Huge amounts were spent on useless equipment and getting out of contracts or storing PPE at ports while nearly £2.6bn went on “items not suitable for use in the NHS
Tuesday 1 February
Department for Health and Social Care (DHSC) figures show huge amounts were wasted on useless equipment, while millions of pounds has been spent getting out of contracts or storing PPE at ports.
Some £673m worth of equipment was found to be totally unusable, according the 2020/21 accounts, while £750m was spent on items that expired before being used.
Nearly £2.6bn was spent on “items not suitable for use in the NHS”, but which the department thinks can be sold or given to charities.
The DHSC also said the value of its remaining stock had been slashed by £4.7bn as the price of PPE dropped.
PPE was considered essential for health workers during the pandemic
Equipment that was scheduled to be delivered after the end of the financial year will lose £1.2bn in value, the figures show.
No 10 said: “We stand by the decision to purchase the items that we did. We were acting in a highly competitive global market with many countries imposing export bans and obviously we were seeking to secure PPE for frontline clinicians.”
At the start of the pandemic, prices for protective equipment rose sharply as countries clamoured to get hold of items such as face masks.
The closure of schools led to a loss of around £1.25m as the School Fruit and Vegetable Scheme (SFVS) was temporarily suspended.

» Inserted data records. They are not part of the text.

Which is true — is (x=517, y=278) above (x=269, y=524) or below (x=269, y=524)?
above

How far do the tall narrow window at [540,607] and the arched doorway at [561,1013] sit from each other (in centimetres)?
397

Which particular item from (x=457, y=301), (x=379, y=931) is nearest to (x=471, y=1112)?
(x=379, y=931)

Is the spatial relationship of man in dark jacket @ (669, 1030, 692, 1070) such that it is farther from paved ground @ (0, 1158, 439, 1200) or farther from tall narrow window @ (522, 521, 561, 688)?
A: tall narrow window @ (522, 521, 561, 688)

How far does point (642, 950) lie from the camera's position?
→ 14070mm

Almost £250,000 of produce has been donated to food charities, the DHSC said.
Some of the ventilators ministers ordered “did not fully meet functionality requirements at the time”, incurring costs of £1.1m.

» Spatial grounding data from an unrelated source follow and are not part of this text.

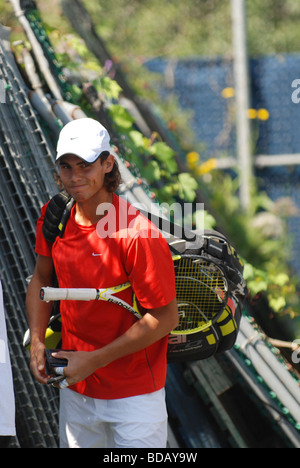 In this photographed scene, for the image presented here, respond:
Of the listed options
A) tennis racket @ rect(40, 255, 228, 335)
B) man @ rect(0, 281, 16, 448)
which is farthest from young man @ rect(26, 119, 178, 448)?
tennis racket @ rect(40, 255, 228, 335)

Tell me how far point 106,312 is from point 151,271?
1.01 ft

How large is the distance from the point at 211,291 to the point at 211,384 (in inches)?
48.7

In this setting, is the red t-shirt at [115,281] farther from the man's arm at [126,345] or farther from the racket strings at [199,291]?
the racket strings at [199,291]

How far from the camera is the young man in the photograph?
2.67 m

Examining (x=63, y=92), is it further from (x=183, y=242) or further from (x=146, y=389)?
(x=146, y=389)

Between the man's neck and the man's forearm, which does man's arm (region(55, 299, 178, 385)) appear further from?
the man's neck

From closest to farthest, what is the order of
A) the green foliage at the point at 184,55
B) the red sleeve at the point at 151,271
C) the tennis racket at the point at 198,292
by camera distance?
the red sleeve at the point at 151,271
the tennis racket at the point at 198,292
the green foliage at the point at 184,55

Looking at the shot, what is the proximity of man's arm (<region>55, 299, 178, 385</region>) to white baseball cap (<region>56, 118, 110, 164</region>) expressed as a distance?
26.9 inches

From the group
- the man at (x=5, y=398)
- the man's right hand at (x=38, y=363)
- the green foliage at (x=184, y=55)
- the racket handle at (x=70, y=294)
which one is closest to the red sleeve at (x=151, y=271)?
the racket handle at (x=70, y=294)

Officials wrote off laboratory equipment valued at £663,000 after two regional testing sites were closed and “there being no alternative options for repurposing or storing these assets”.
Additionally, a stockpile of intensive care unit items was created to prevent shortages.
The department was forced to pay out £649,000 for two flights from China that were cancelled because the PPE they were meant to be bringing to the UK was not available.
Another cancellation fee, this time of £339,000, was incurred following the cancellation of two contracts for quarantine hotels.